### EXERCISE
Return the entries below word for word. No picture belongs in the copy.

### PROVIDED DATA

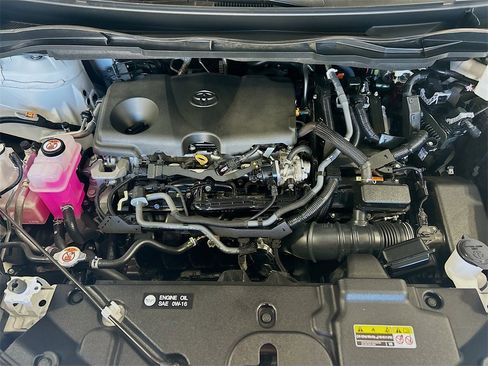 Used 2025 Toyota Sienna LE image 27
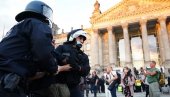 DESNIČARI POKUŠALI DA UPADNU U BUNDESTAG: Haos u Berlinu, policija oštro reagovala tokom incidenta (VIDEO)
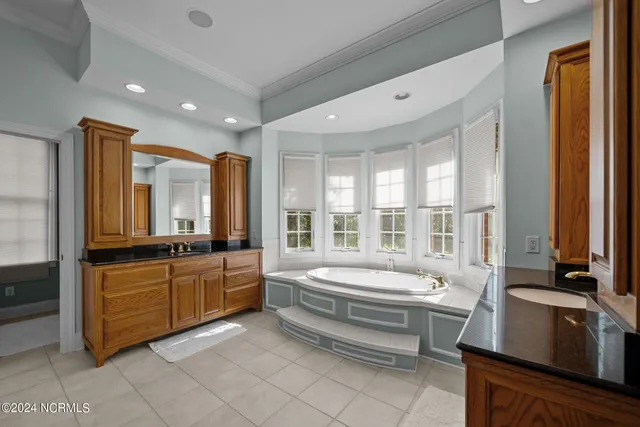 $1,290,000 | 450 Cox Road, Washington, NC 27889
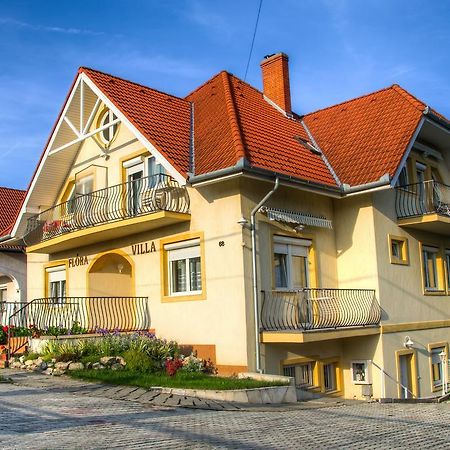 Flora Villa Хевиз Экстерьер фото
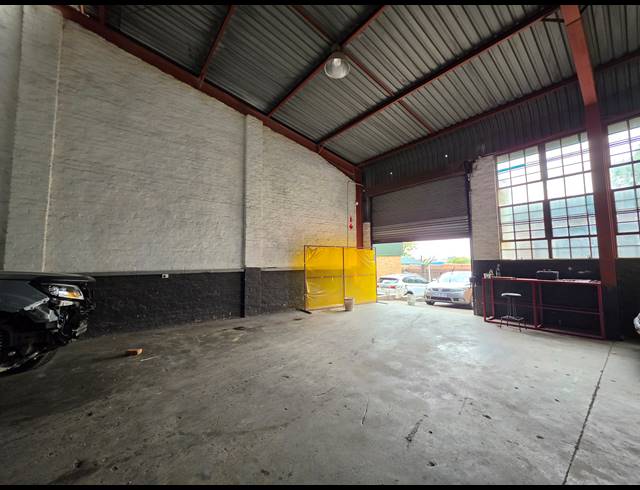 440M² WAREHOUSE TO LET IN WADEVILLE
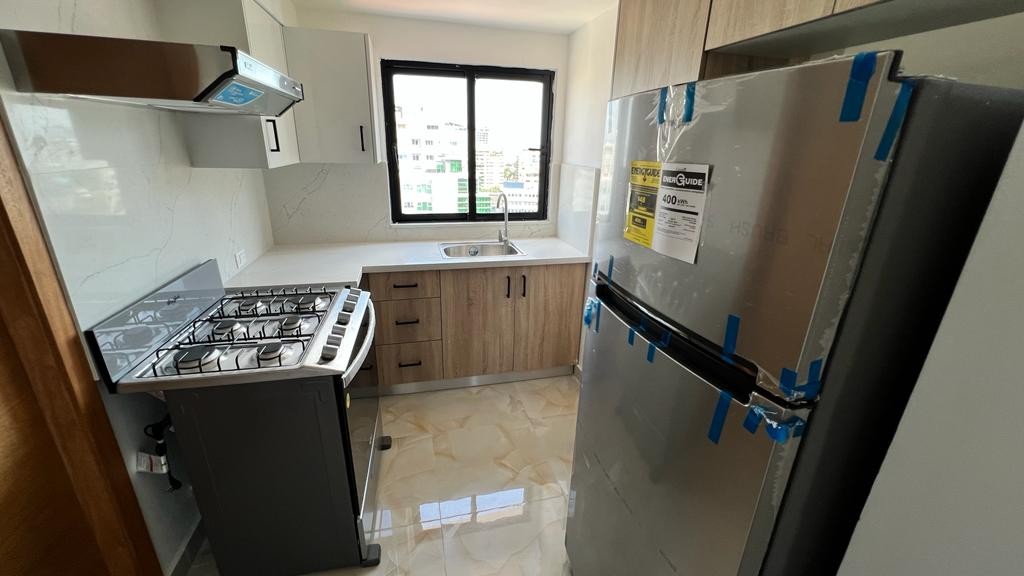 apartamentos - Alquiler de Apartamento en Naco con Linea Blanca 0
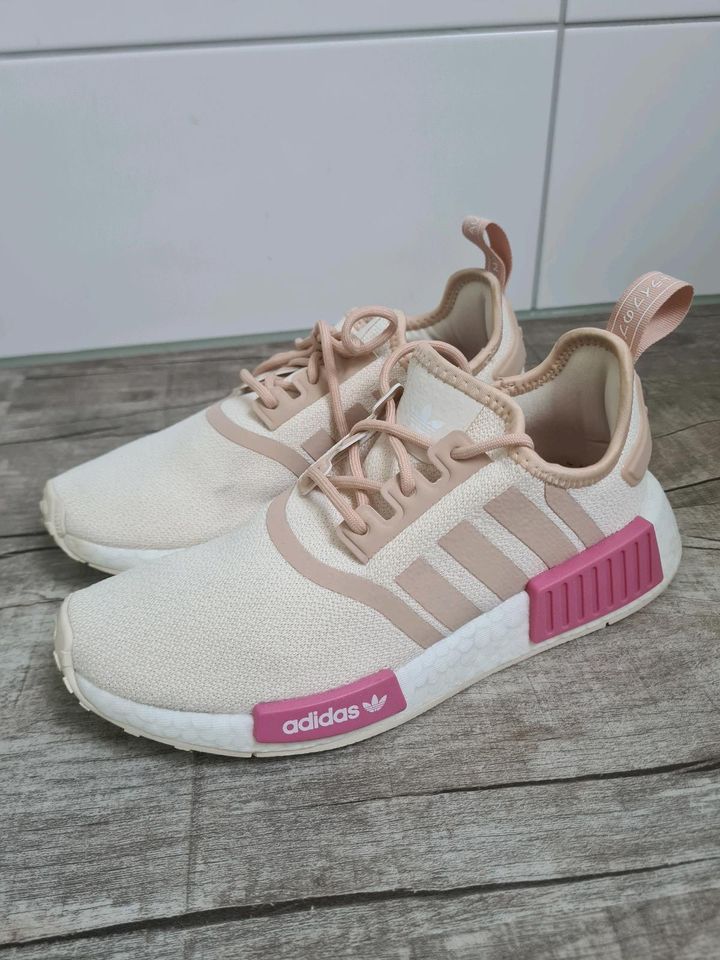 Adidas NMD_R1 Sneaker Gr. 37 1/3 beige nude pink Streetstyle in Datteln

### ANSWER TO THIS TASK
 Used 2025 Toyota Sienna LE image 27
 DESNIČARI POKUŠALI DA UPADNU U BUNDESTAG: Haos u Berlinu, policija oštro reagovala tokom incidenta (VIDEO)
 $1,290,000 | 450 Cox Road, Washington, NC 27889
 Flora Villa Хевиз Экстерьер фото
 440M² WAREHOUSE TO LET IN WADEVILLE
 apartamentos - Alquiler de Apartamento en Naco con Linea Blanca 0
 Adidas NMD_R1 Sneaker Gr. 37 1/3 beige nude pink Streetstyle in Datteln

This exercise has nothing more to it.